Restricted Application added subscribers: pywikibot-bugs-list, Aklapper. · View Herald TranscriptJun 27 2015, 3:02 AM
whym updated the task description. (Show Details)Jun 27 2015, 3:07 AM
whym set Security to None.
whym updated the task description. (Show Details)
jayvdb added a subscriber: Xqt.Jun 27 2015, 8:25 AM

Quickly looking at the other scripts, I see

  • quite a few sleeps are because of a server-error-retry cycle. some of these are also dubious in core, as the http and api layer have already retried the request; but e.g. the flickr api code does sleep-retry, which is appropriate because it doesnt use the api layer.
  • weblinkchecker.py does some very small sleeps while spinning down the threads
  • checkimages.py has a sleep argument -time: to slow down the bot
  • replace.py has a sleep argument -sleep: to slow down the bot between regex on each page? Quite odd : 9d415671b3
  • clean_sandbox.py and welcome.py has a sleep between bot runs - i.e. a delay before restarting the process again, which is effectively waiting for humans to do stuff
jayvdb renamed this task from remove superfluous sleep made during moving from one page to another to remove superfluous sleep between archiving each page.Dec 2 2015, 11:53 AM
Restricted Application added a subscriber: StudiesWorld. · View Herald TranscriptDec 2 2015, 11:53 AM
murfel claimed this task.Dec 8 2015, 11:41 AM
murfel added a subscriber: murfel.

For now, sleep time can be specified through a CLI option. If this option is specified, is it better to ignore it or to output a deprecation notice? Or is it better to leave the CLI option as is but change its default value from 10 to 0?

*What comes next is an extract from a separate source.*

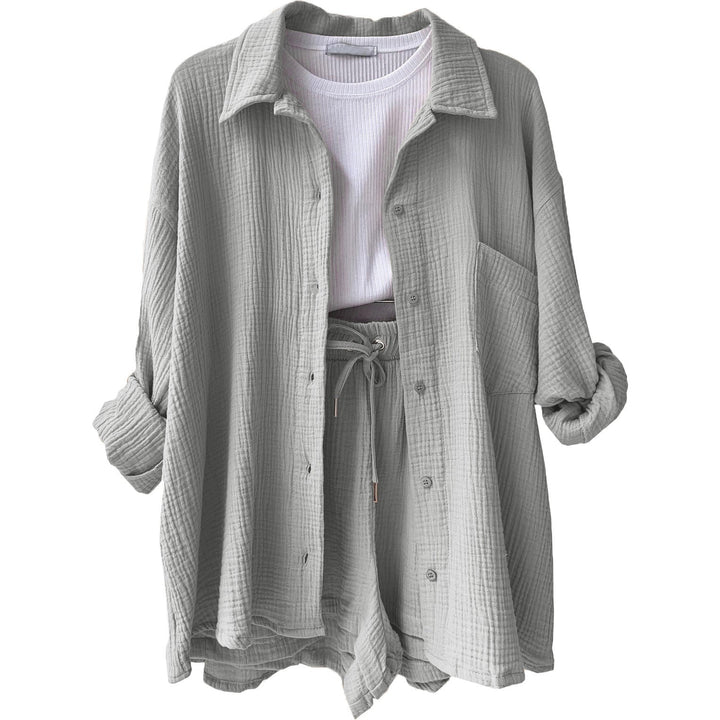 Women’s Two-Piece Set – Relaxed Crinkled Shirt – High-Waisted Drawstring Shorts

jayvdb added a comment.Dec 8 2015, 5:54 PM

The archivebot doesnt currently have a sleep command line option, and I dont believe this script needs a custom command line option for sleeping. The sleep related code in archivebot can be deleted.
There is a global option -put_throttle which the user can can slow down the bot if they want to.

whym added a comment.Dec 8 2015, 11:51 PM

I added the -sleep option to archivebot in https://gerrit.wikimedia.org/r/#/c/222727/ in July - whether or not it should go is up to discussion. (Sorry for not linking the change here.)

murfel removed murfel as the assignee of this task.Dec 9 2015, 5:19 AM

jayvdb, I think there is.

for v in if_arg_value(arg, '-sleep'):
    sleep = int(v)